------ Record extracts ------

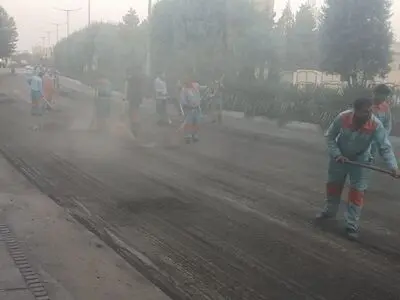 مجبورمان می‌کنند از ۴ تا ۷ صبح در پروژه آسفالت کار کنیم/ ما رفتگریم یا کارگر عمرانی؟!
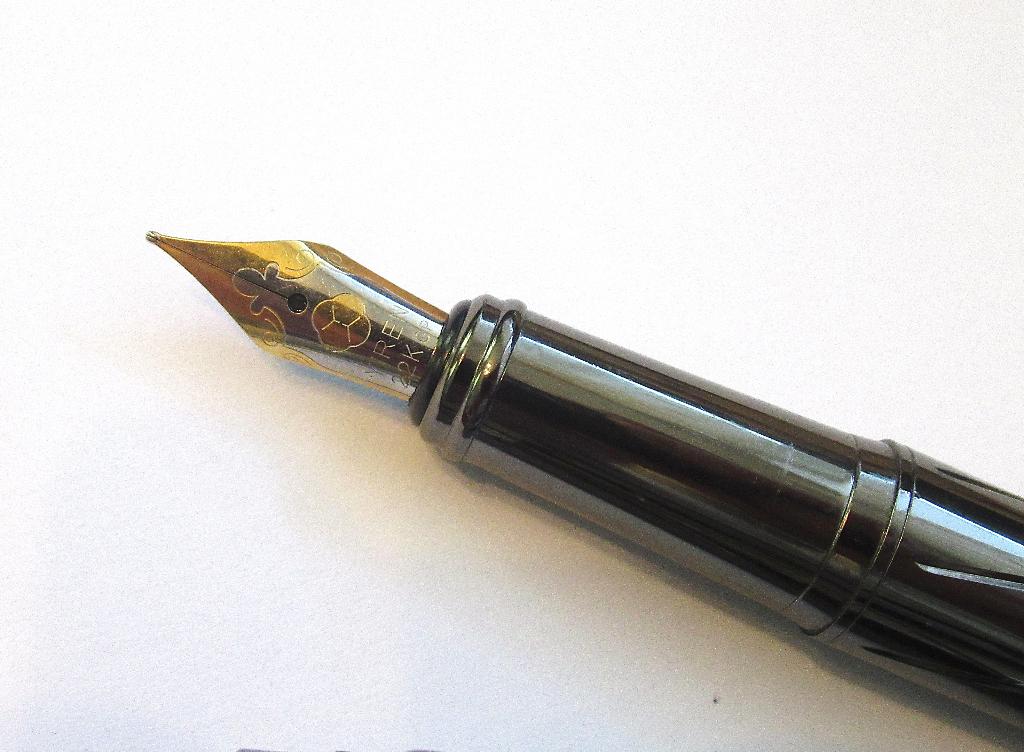 Yiren 878 vulpen, fabrikant China., Ophalen of Verzenden, Zo goed als nieuw, Vulpen, Overige merken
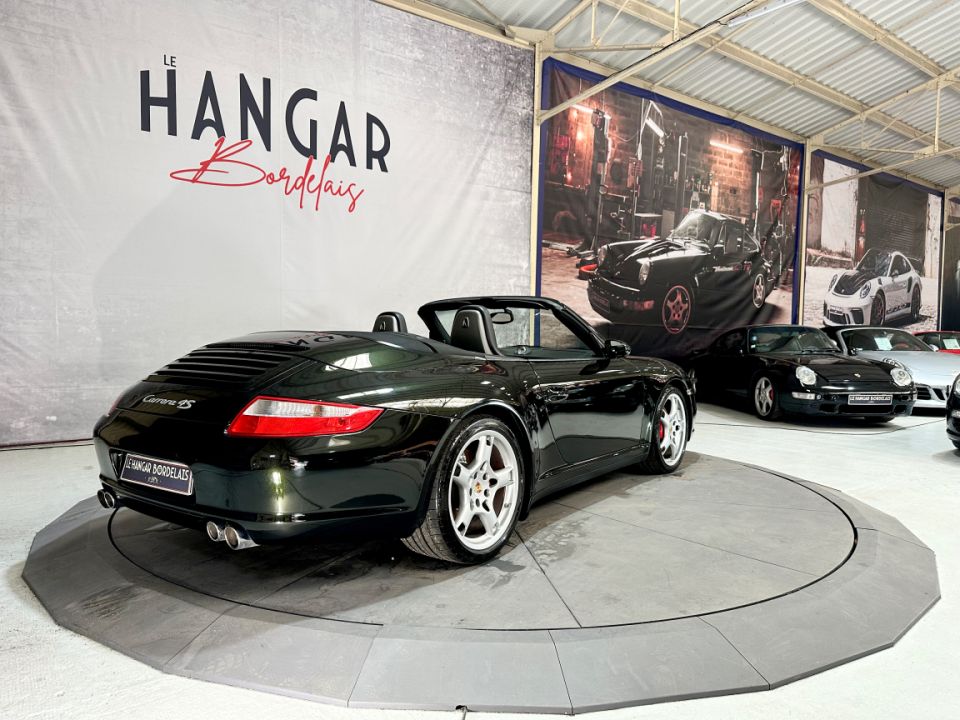 PORSCHE 911 Type 997 Carrera 4S Cabriolet 3.8 355ch BVM6 - Le Hangar Bordelais - image 8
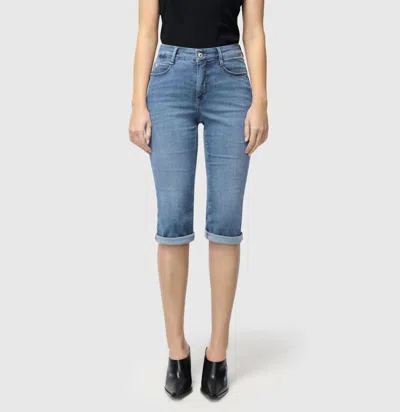 Mac Jeans Dream Sun Capri Jeans In Mid Light Blue Wash In Pink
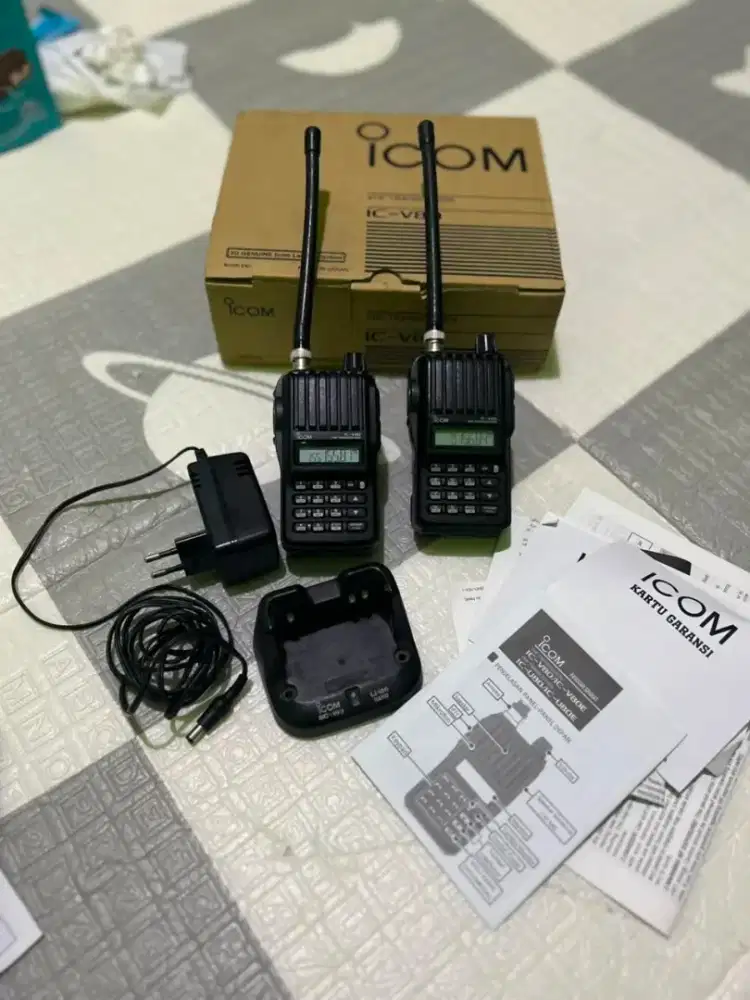 Icom v80 full set no munus
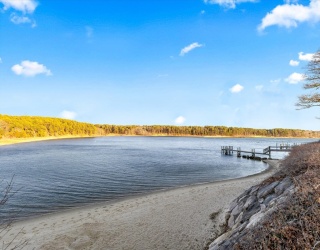 242 Edgewater Dr E, Falmouth, Massachusetts, 2 Bedrooms Bedrooms, 4 Rooms Rooms,1 BathroomBathrooms,Residential,For Sale,Edgewater Dr E,73498004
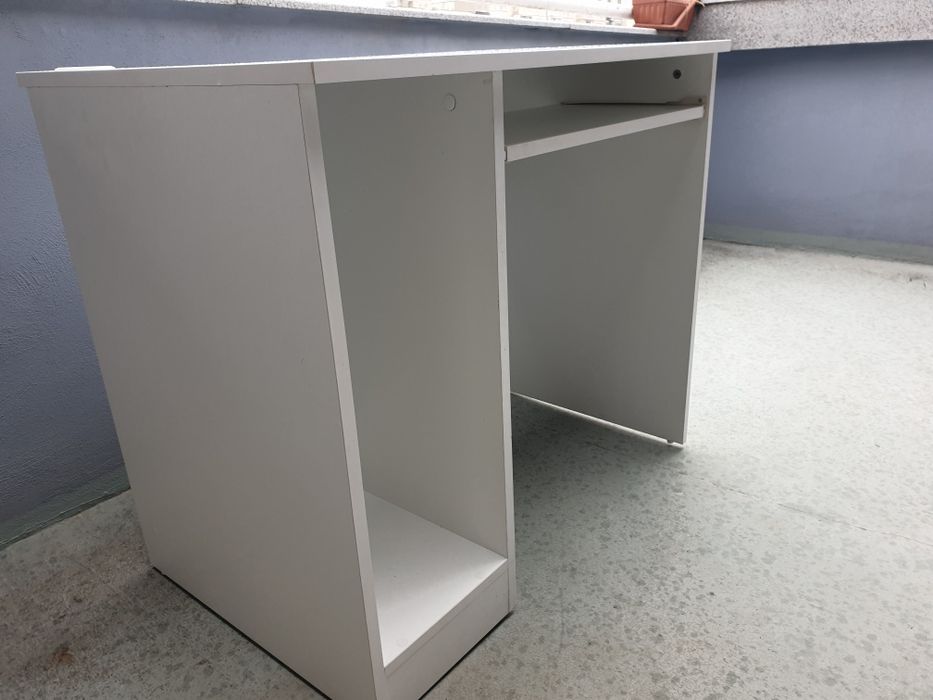 Подарявам бюро 60х90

------

# [The task]
Reproduce the data above exactly, but only the lines from the one showing "Yiren 878 vulpen, fabrikant" through the one showing "Icom v80 full set no munus", with both ends kept and the pictures left out.

# [Result of this exercise]
 Yiren 878 vulpen, fabrikant China., Ophalen of Verzenden, Zo goed als nieuw, Vulpen, Overige merken
 PORSCHE 911 Type 997 Carrera 4S Cabriolet 3.8 355ch BVM6 - Le Hangar Bordelais - image 8
 Mac Jeans Dream Sun Capri Jeans In Mid Light Blue Wash In Pink
 Icom v80 full set no munus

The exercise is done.